ROBERT M. MAINVILLE, J.A.
Mtre Karim Renno
Mtre Michael Emmanuel Vathilakis
RENNO VATHILAKIS INC.
Mtre Lynne Kassie
Mtre Benjamin Prud’homme
ROBINSON SHEPPARD SHAPIRO
Mtre Linda Schachter
DEVINE SCHACHTER POLAK
For Appellant-Incidental respondent
Mtre François Giroux
Mtre Vincent Boutet-Lehouillier
McCARTHY TÉTRAULT
For Woods s.e.n.c.r.l. regarding the motion in disqualification
Mtre James A. Woods
Mtre Marie-Louise Delisle
WOODS
For Respondent-Incidental Appellant
Date of hearing:
March 24, 2017
[1] Par. 11 of the affidavit of Me Caroline Biron sworn March 7, 2017.
[2] Ibid., par. 15.
[3] Par. 26 of the judgment of March 6, 2017 includes the following sentence : “[…] Le juge souligne bien l’entêtement de Monsieur et je dois ajouter que le fait que ce dernier n’ait pas encore acquitté les honoraires de l’expert du Tribunal malgré la conclusion à cet effet, contribue à donner raison à Madame sur ses craintes quant aux éventuelles difficultés d’exécution. […]”.
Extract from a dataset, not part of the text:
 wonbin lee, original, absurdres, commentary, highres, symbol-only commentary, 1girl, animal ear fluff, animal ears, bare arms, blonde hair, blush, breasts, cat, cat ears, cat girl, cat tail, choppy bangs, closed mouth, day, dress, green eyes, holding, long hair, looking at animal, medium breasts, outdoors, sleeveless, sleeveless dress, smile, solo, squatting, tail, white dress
[4] Canadian National Railway Co. v. McKercher LLP, 2013 SCC 39 (CanLII), [2013] 2 S.C.R. 649, par. 13 and 61 [« McKercher »].
[5] R. v. Neil, 2002 SCC 70 (CanLII), [2002] 3 S.C.R. 631, par. 19 [« Neil »].
[6] Ibid., par. 29.
[7] McKercher, par. 33, 35.
[8] Ibid., par. 38.
[9] These duties are inherent to the mandate of a court appointed expert and moreover flow from art. 22, 234 and 235 of the Code of Civil Procedure, CQLR, c. C-25.01 as they flowed from articles 417, 418 and 234 of the previous Code of Civil Procedure, CQLR, c. C-25. See also : Rolls-Royce Ltd. c. Commission de la santé et de la sécurité du travail, J.E. 97-932, [1997] J.Q. no 1189 (C.A.) (QL), par. 29 of the QL ed.; 9045-6740 Québec inc. c. 9049-6902 Québec inc., 2006 QCCS 1201, J.E. 2006-733, par. 49-50.
[10] At par. 17 of the Acte d’intervention volontaire à titre agressive de bene esse de l’intervenante PricewaterhouseCoopers s.r.l., s.e.n.c.r.l. prepared by Woods on behalf of PwC, the tenuous basis for the latter’s intervention in the appeal proceedings is specifically acknowledged (underline added): “En dépit du fait que ni la déclaration d’appel, ni la demande de suspension partielle de l’exécution provisoire ne semble viser l’ordonnance rendue par le Jugement au paragraphe 783 ii), par prudence et afin d’éviter toute équivoque à cet égard, l’Intervenante n’a d’autre alternative que d’intervenir de façon agressive à l’instance afin de faire constater de bene esse l’acquiescement tacite partiel de l’Appelant à la conclusion au paragraphe 783 ii) sur les frais de justice qui lui sont dues par l’Appelant et en demander l’exécution immédiate et, afin de demander le rejet de toute demande de suspension partielle de l’exécution provisoire du Jugement à l’égard des frais de justice qui lui sont dus par l’Appelant; ».
[11] McKercher, par. 14.
[12] R. v. Harrison, 2017 QCCA 263 (CanLII), par. 29-32.
[13] McKercher, par. 65.
[14] Fédération des médecins spécialistes du Québec c. Association des médecins hématologistes-oncologistes du Québec, 1988 CanLII 856 (QC CA), [1988] R.J.Q. 2067 (C.A.), p. 2075; La Corporation de services des ingénieurs du Québec/ Réseau IQ c. Indelicato, 2016 QCCA 1087 (CanLII), par. 27.
[15] Morissette-Paré c. Gestion des rebuts D.P.M. inc., (1997) AZ-97011251 (C.A.), p.11; Mallory v. Werkmann Estate, 2015 ONCA 71 (CanLII), par. 28; Maftoun v. Banitaba, 2012 ONCA 786 (CanLII), par. 4.